0

I am trying to generate some json data from txt files.

The txt files are generated from books, using their ocr, which makes them inestimable (i can't randomly change the chars i don't like, since they could be important) and unreliable (the ocr could have gone wrong, the author could have inserted symbols that would mess with my code).

As of now, i have this :

output_folder = Path(output_folder)
    
value = json.loads('{"nome": "' + file_name[:len(file_name)-4] + '", "testu": "' + (Path(filename).read_text()) + '"}')
    path = output_folder / (file_name[:len(file_name)-4] + "_opare.json")
    with path.open(mode="w+") as working_file:
        working_file.write("[" + str(value) + "]")
        working_file.close()

This throws me the error json.decoder.JSONDecodeError: Invalid control character which i understood is caused by my book starting (yes) with a ' (a quote).

I've read about string literals, that seem to be relevant for my case, but i didn't uderstood how i could use them.

What can i do ?

Thanks

Orsu
  • 405
  • 6
  • 19
  • the probably worst thing would be reading word by word and using try except and pretty much throwin out those words that were excepted but that would certainly work I think – Matiiss Mar 31 '21 at 22:29
  • 1
    There are a lot of things that may or may not be a problem here.

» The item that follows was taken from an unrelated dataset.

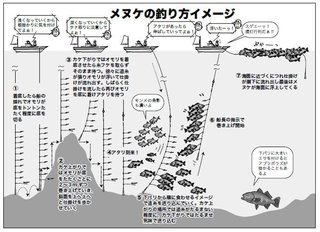 釣り方のイメージ図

It would help if we could be sure of the *exact* content of your source file (at a binary level, not just what you think the text is). It's important to make sure you know the encoding of the file. That said, you should not try to build JSON data this way (work the other way around, as in @LuizFerraz's answer). As for "string literals", I think you are confused as to what that means. All a string literal is, is a string that appears "literal"ly in your code. For example, `'{"nome": "'`, or `"["`. – Karl Knechtel Mar 31 '21 at 22:57
  • yeah, the difficulty here is that i don't know what the books will be (this is the batch processing phase). I followed @Luis Ferrza's answer, which is correct. For the literals, i hoped they would help me escape all problematic chars, but json.dump() already does it – Orsu Apr 01 '21 at 06:10

2 Answers2

1

Why would you make a json just to parse it again? You can just create a dictionary:

value = {
  "nome": file_name[:len(file_name)-4],
  "testu":Path(filename).read_text(),
}
Pedro Lobito
  • 94,083
  • 31
  • 258
  • 268
Luiz Ferraz
  • 1,427
  • 8
  • 13
  • you are absolutely right, why did i do that ? it's not exactly the way i was going, but you are 100% correct. thank you – Orsu Mar 31 '21 at 22:36
0

Reading between the lines, the JSONDecodeError doesn't actually come from this code, does it? It comes from the code that's reading your file later.

You can't write a dict to a JSON file using str(value). Python's dict-to-string conversion uses single quotes, which is not legal in JSON. You need to convert it back to JSON:

    with path.open(mode="w+") as working_file:
        json.dump( [value], working_file )
Tim Roberts
  • 48,973
  • 4
  • 21
  • 30